Microsoft on Thursday laid out an ambitious goal to create a new generation of internet-based services to boost its growth rate, potentially bringing in advertising, subscription and transaction revenues to supplement its more mature businesses.

Besides existing services such as internet search and the Xbox Live online games service, new areas of interest were likely to involve communications, web-based storage and tools to help workers collaborate better, executives said at the company's annual analyst meeting.

They were also likely to extend beyond its MSN internet service to include new ways of generating income for the company's Windows and Office divisions, they added.

Steve Ballmer, chief executive, said the new emphasis on services reflected a broader transition in the software industry, which is shifting from “delivering bits [of data] to delivering bits and services.”

He added: “The internet's transformative impact on the software business has just begun.”

Microsoft's new focus on services reflects the success of internet companies like Google and eBay, as well as Apple's iTunes music service.
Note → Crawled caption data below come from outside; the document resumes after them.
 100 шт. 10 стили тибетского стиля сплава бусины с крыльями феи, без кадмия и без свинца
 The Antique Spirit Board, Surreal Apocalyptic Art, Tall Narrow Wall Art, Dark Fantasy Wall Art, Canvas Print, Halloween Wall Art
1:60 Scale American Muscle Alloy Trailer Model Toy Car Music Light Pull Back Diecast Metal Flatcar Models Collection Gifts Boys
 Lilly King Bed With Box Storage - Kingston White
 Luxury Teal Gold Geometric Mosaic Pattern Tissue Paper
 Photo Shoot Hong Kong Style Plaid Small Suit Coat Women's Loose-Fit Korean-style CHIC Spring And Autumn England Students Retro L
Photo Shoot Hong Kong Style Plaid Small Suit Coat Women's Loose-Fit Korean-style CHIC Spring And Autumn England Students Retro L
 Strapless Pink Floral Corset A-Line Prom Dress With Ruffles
While depending on advertising or transaction fees for their income, these and other internet applications are types of software application that are delivered over the internet, rivalling Microsoft's more traditional way of selling software.

The new emphasis on services could point to changes in Microsoft's core business model, and suggests that the company has digested the lessons from Google and others, said Rick Sherlund, software analyst at Goldman Sachs.
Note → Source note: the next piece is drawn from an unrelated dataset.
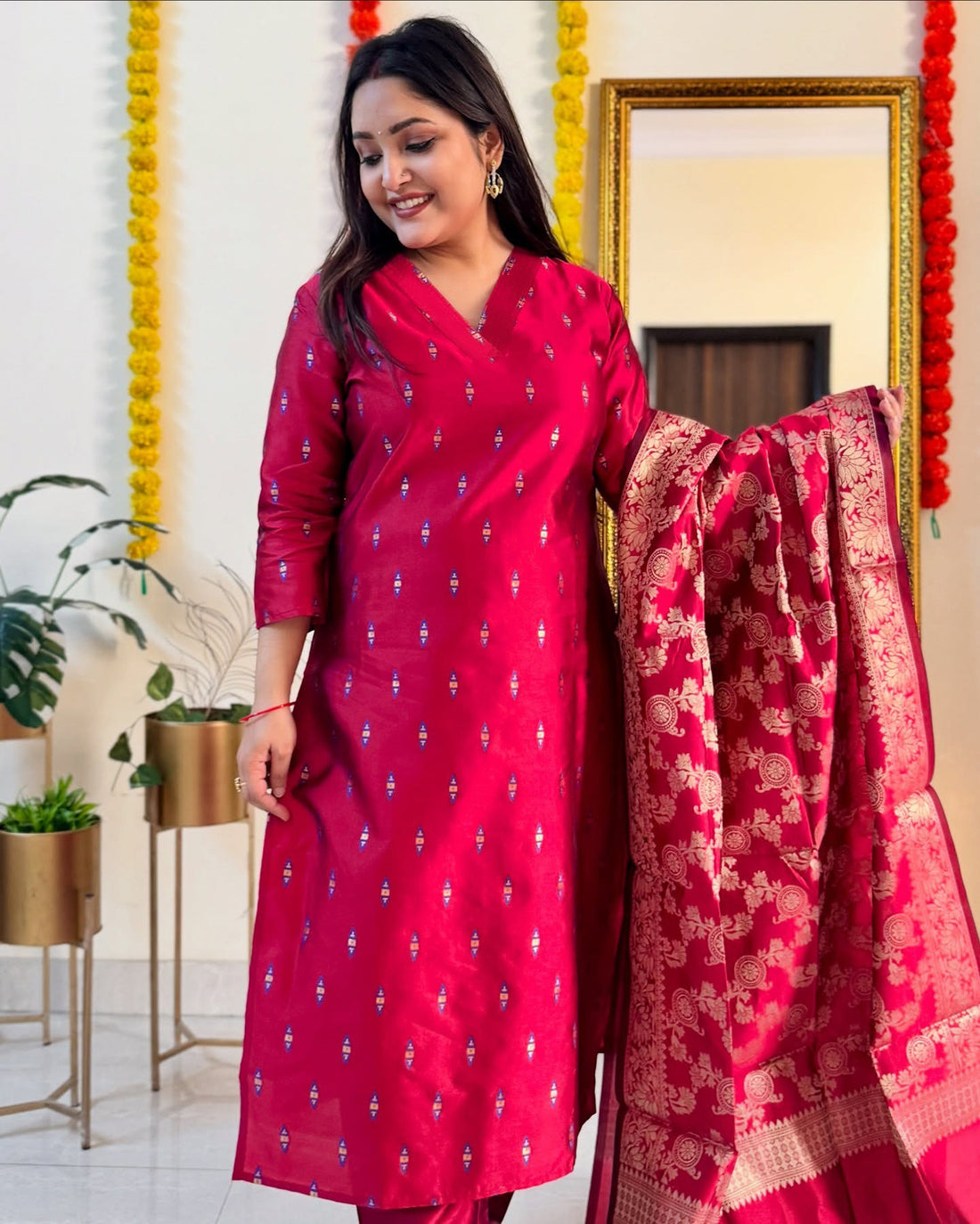 Jacquard Kurta Dupatta Set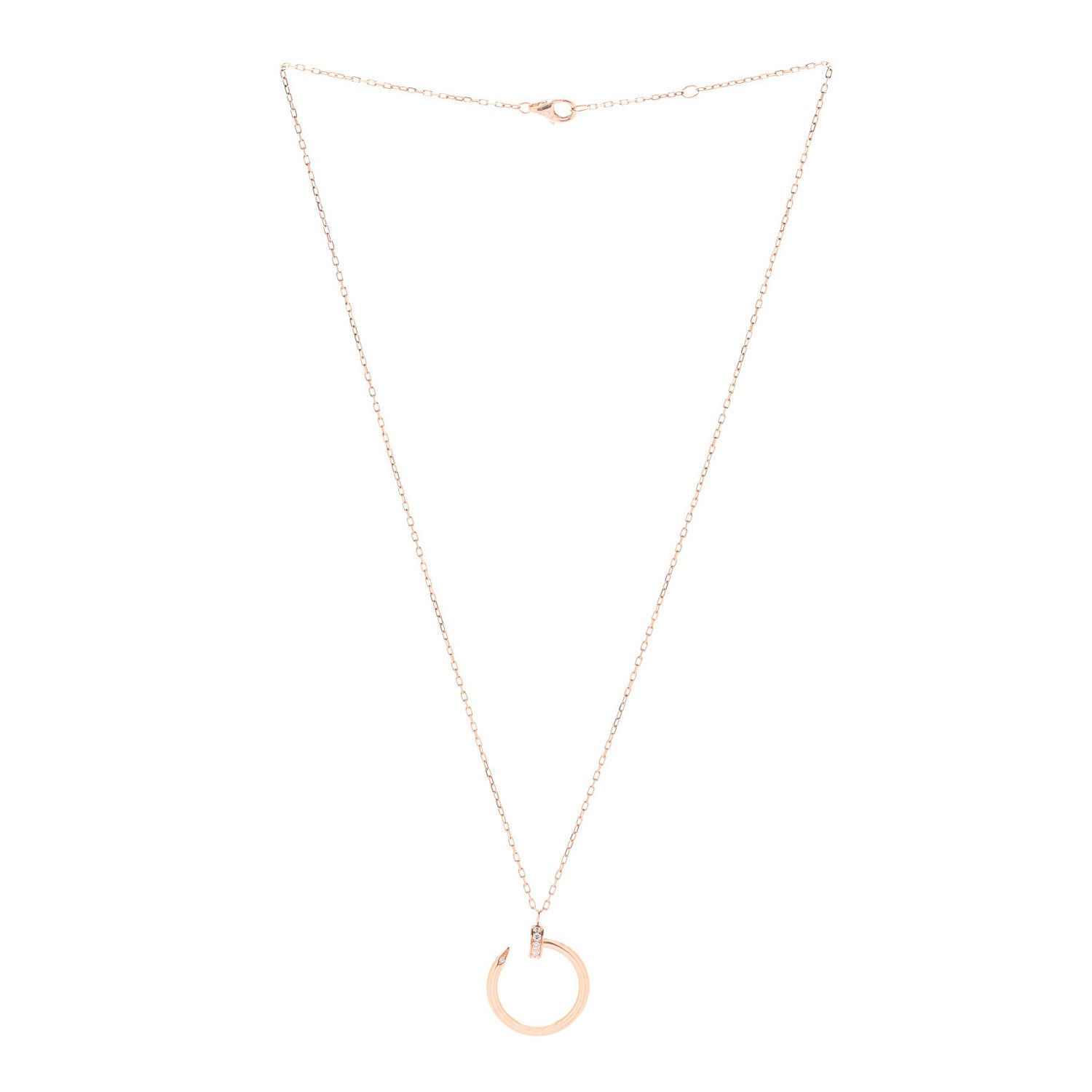 Cartier 18K Pink Gold Diamond Juste Un Clou Pendant Necklace 3 of 5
“It seems as though Microsoft is about to go on the offensive,” he said, using its large base of software products to spin off new ideas for businesses based on delivering services over the internet.

However, the company provided few details of specific plans and analysts cautioned that an earlier emphasis on web-based services, made at the end of 1990s when Microsoft launched its company-wide .Net initiative, had not led to the shift anticipated at that time.

The new focus on services also left questions about whether Microsoft was interested mainly in new ways to deliver its software to customers over the internet, or whether it was proposing new methods of charging for its software, for instance through subscriptions, said Rob Helm, an analyst at Directions on Microsoft, an independent research firm. “The devil will be in the detail,” he said.

Bill Gates, chairman, conceded that Microsoft was “playing catch-up on search” after starting late, but added that within three years it would have made technical advances that far outshine the current state of the technology.